Es war keine einfache Aufgabe Erich ausfindig zu machen und aus diesem Grund bin ich um so stolzer auf mich, dass ich es geschafft habe Luisa, die mich engagiert hat, und ihren Bruder wieder zu vereinen.

Ich sehe die tränenreiche Begegnung noch ganz deutlich vor mir. Wie sie sich ungläubig in die Arme genommen haben und es nicht wahr haben wollten, dass dieses Zusammentreffen doch tatsächlich geschieht.

Dieses Gefühl, das ich gestern erfahren durfte, hat mich abermals in meinem Tun bestärkt und mir bewiesen, dass ich genau den richtigen Beruf ausübe und mir offen gezeigt, dass ich nicht aufgeben darf, auch wenn der Weg noch so schwierig und steinig zu sein scheint.

Ich setzte mich wieder hinter meinen Schreibtisch und starte meinen Laptop auf. Gerade als ich das Mailprogramm öffnen und die ungelesen E-Mails durchsehen möchte, klopft es an meiner Tür, woraufhin Tina, meine Schwester, die die rechte Hand in meinem Büro für Personensuche bildet, zaghaft ihren Kopf durch den Spalt steckt.

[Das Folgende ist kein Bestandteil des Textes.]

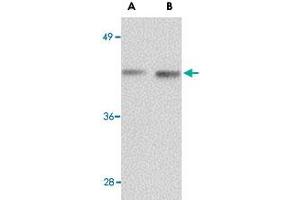 Western blot analysis of NANOS1 in rat brain tissue lysate with NANOS1 polyclonal antibody  at (A) 1 and (B) 2 ug/mL . (Nanos Homolog 1 抗体  (Internal Region))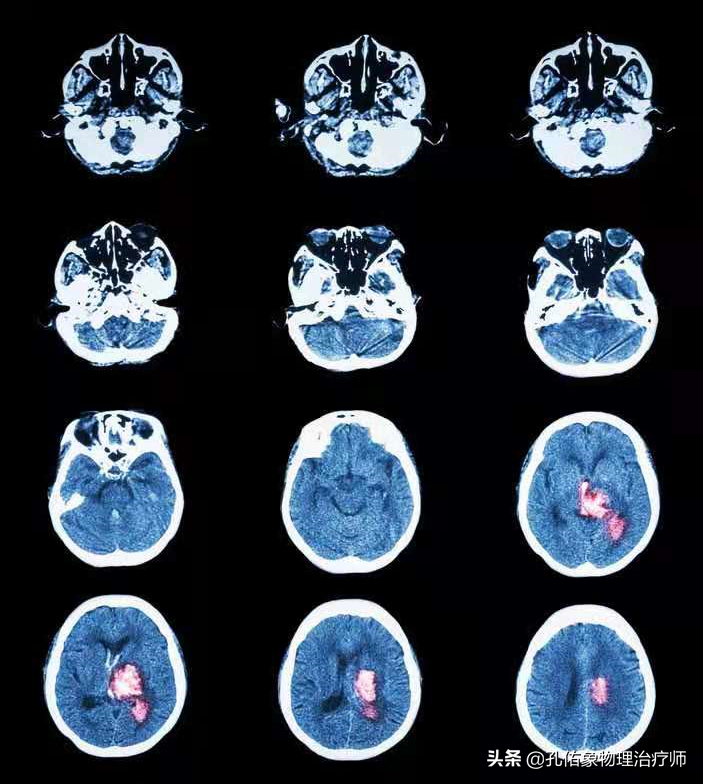 为何如此多的人发生脑出血？要如何正确应对？一文详细告知您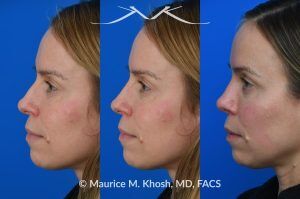 Photo of a patient before and after a procedure. Nasal Hump Reduction and Tip Narrow - This young lady had septum deviation which affected her breathing and caused asymmetry of her nostrils. She wanted to smooth a small nasal hump and narrow her tip in a conservative manner. The last two images show her pre op profile (on the left), the computer simulation (in the middle), and the final results (on the right). 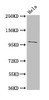 Western Blot<br />
 Positive WB detected in: Hela whole cell lysate<br />
 All lanes: NPC1 antibody at 3µg/ml<br />
 Secondary<br />
 Goat polyclonal to rabbit IgG at 1/50000 dilution<br />
 Predicted band size: 143, 108 kDa<br />
 Observed band size: 108 kDa<br />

„Ich weiss du wolltest heute nicht mehr gestört werden, aber da draussen steht eine Frau, die mich angefleht hat, dich für wenige Minuten sprechen zu dürfen. Sie sieht so mitleiderregend aus, dass ich es einfach nicht über mich gebracht habe, sie wieder wegzuschicken.“

Ich habe gehofft, dass ich heute etwas administrative Arbeit erledigen kann, wie das beantworten von Mails, die schon lange auf eine Antwort warten oder den grossen Stapel Post durchzugehen, der auf meinem Schreibtisch liegt.

Einen Blick auf den Bildschirm meines Computers und wieder zurück zu meiner Schwester, wird mir die Entscheidung leicht gemacht.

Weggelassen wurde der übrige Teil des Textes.